(3) PEQUEÑO BUDA, de Bernardo Bertolucci.

LA REENCARNACIÓN DEL LAMA
Podría pensarse, a primera vista, que Bertolucci ha optado por una vía escapista en sus últimas películas al situar los conflictos en continentes tan ajenos a la cultura europea como Asia, con El último emperador (1987), y África, con El cielo protector (1989). Seguramente lo que sucede es que el cineasta italiano, como intelectual de izquierdas, ha constatado la profunda crisis que afecta a Occidente y, sumido en la perpejlidad, al no hallar respuesta en los manuales de la ortodoxia marxista, ha vuelto su mirada hacia los valores profundamente humanistas que configuran las culturas y religiones de otros pueblos, los llamados tercermundistas países en desarrollo, en esta ocasión las enseñanzas del budismo.

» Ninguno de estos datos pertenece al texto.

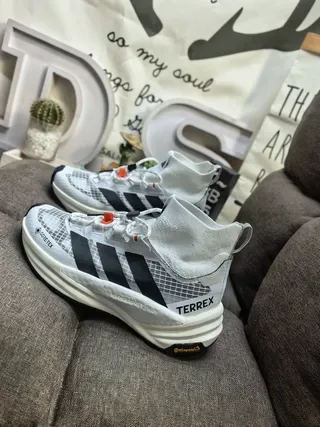 Adidas Terrex Agravic Flow GORE-TEX Chaussures de Running Blanc Noir 7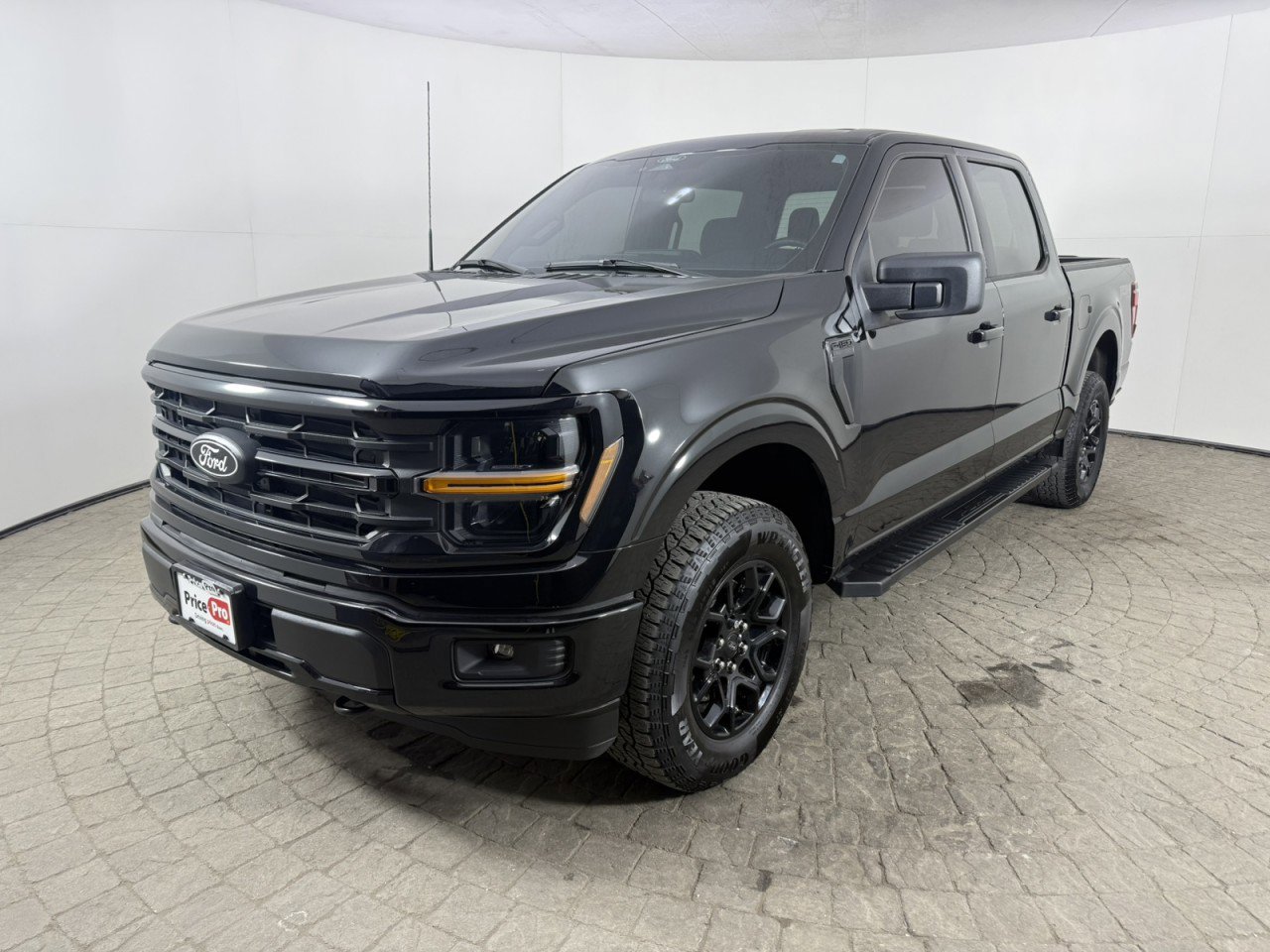 Certified 2025 Ford F150 XLT w/ Equipment Group 301A Standard AWD/4WD image 4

El que Bertolucci haya intentado tender un puente dialéctico entre la vida y la doctrina de Buda (563-483 a. C.) y el mundo occidental de hoy viene explicitado mediante la estructura narrativa de Pequeño Buda, integrada por dos bloques, relacionados mediante flashbacks, el primero de los cuales mostrado con unos colores cálidos y fastuosos; el segundo con fríos tonos grises metalizados. El paralelismo y, a la vez, divergencia entre ambos se acentúa con las historias similares del Buda cortesano que abandona los placeres de palacio al descubrir el dolor humano y la del arquitecto que pierde a un amigo, que sufre la crisis económica y que viaja a Nepal. Pero así como Occidente es mostrado como un compendio de vicios, el budismo se proyecta como un camino hacia la felicidad, como un largo y sacrificado trayecto hacia el nirvana a través de sucesivas reencarnaciones que pasa por la meditación profunda, el ascentismo, el control de las emociones, la renuncia de los placeres y riquezas y por el encuentro con la serenidad, la bondad y el amor universal.
Y así, frente a la autocomplacencia occidental y el apego a las cosas, la constatación budista de que todo es provisional y efímero. Y frente al conflicto entre estados, razas, culturas y sexos, la síntesis de los tres “pequeños Budas” reencarnados que viene a simbolizar la convivencia fraternal y solidaria.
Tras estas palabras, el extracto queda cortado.